Founder of Agapi Sikkim, Rinzing Choden Bhutia left a corporate career in Delhi to start a women-led, cruelty-free skincare brand that uses indigenous Himalayan plants as raw materials.

Sikkim Woman’s Skincare Startup Uses Rare Himalayan Plants, Earns $1 Million Valuation

Spending most of her time in big metropolitan cities like Kolkata, Delhi, and Bengaluru, Rinzing Choden Bhutia, originally from Sikkim, missed the experience of being surrounded by nature.

While she enjoyed her corporate career, she yearned for home. “I wanted to return home for numerous reasons and live a clean, green life,” she shared in a conversation with The Better India.

Many of us dream of leaving our corporate jobs and embracing a life in the hills; however, in reality, such a change requires great courage. Leaving behind the familiar and building something new demands a certain level of determination.

In 2013, Rinzing summoned the courage to move back to Sikkim. She embarked on a journey to create a line of handcrafted skincare products that are sustainable, chemical-free, and made using indigenous plants from the Himalayan belt.

Apagi, the brainchild of Rinzing, derives its name from the Greek word for love. It is truly a labour of handcrafted love and stands as a testament to their dedication. Additionally, the brand takes pride in being a women-led startup, contributing to efforts to attract Foreign Direct Investment (FDI) in Sikkim, according to reports. The brand is currently being valued at $1 million. 

Now, you might be wondering, what sets her brand apart? I’m glad you asked.

All Roads Leading Back Home 

While the thought of moving back home was always on her mind, it wasn’t until 2013, with the birth of Rinzing’s first child, that she took the leap.

“I was tired of living in small spaces with Delhi’s pollution all around.
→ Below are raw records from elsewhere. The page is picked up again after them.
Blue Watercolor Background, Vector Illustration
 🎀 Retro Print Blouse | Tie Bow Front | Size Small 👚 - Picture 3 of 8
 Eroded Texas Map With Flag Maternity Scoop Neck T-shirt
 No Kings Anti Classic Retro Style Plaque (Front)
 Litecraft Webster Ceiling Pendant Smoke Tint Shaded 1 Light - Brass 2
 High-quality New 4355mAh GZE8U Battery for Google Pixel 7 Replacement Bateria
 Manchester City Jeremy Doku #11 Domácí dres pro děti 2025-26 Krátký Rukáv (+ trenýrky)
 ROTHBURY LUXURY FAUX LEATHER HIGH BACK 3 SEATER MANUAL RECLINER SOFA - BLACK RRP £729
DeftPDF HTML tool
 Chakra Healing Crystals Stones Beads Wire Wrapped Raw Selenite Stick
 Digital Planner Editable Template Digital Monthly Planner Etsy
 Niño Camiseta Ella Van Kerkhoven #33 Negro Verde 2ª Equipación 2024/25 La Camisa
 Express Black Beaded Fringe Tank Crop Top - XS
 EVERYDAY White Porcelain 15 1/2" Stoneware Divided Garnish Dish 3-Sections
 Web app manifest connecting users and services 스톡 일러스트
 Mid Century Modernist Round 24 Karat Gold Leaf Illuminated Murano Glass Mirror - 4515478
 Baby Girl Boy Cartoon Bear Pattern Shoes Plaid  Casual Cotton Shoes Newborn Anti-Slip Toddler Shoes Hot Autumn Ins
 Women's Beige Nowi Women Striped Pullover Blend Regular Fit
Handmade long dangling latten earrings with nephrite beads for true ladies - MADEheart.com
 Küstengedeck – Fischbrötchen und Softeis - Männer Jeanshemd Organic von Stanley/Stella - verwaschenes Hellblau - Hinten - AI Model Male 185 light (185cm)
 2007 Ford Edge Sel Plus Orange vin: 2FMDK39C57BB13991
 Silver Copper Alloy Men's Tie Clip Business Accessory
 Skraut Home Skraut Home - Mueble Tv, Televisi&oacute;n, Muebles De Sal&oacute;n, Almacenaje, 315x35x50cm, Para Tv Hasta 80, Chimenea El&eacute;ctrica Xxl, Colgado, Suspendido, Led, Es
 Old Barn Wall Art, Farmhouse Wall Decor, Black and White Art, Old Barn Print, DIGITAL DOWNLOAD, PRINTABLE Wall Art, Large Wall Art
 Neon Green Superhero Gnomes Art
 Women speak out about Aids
What I wanted for my child was to grow up in clean air, surrounded by nature and lots of space. This was the reason why I decided to move back home,” she explains.

Upon returning, Rinzing immersed herself in motherhood. “I was enjoying that period of my life and also planning to use our ancestral land to build a plastic-free sustainable homestay in Kabi, Sikkim,” she shares.

Rinzing gives free training to tribal women from Sikkim. Picture credit: Rinzing
Rinzing gives free training to tribal women from Sikkim. Picture credit: Rinzing

The plan was to construct wooden huts and use only sustainable materials from nature. Expanding on this idea, she discovered Petrichor, a vegan retreat in Gorubathan, West Bengal.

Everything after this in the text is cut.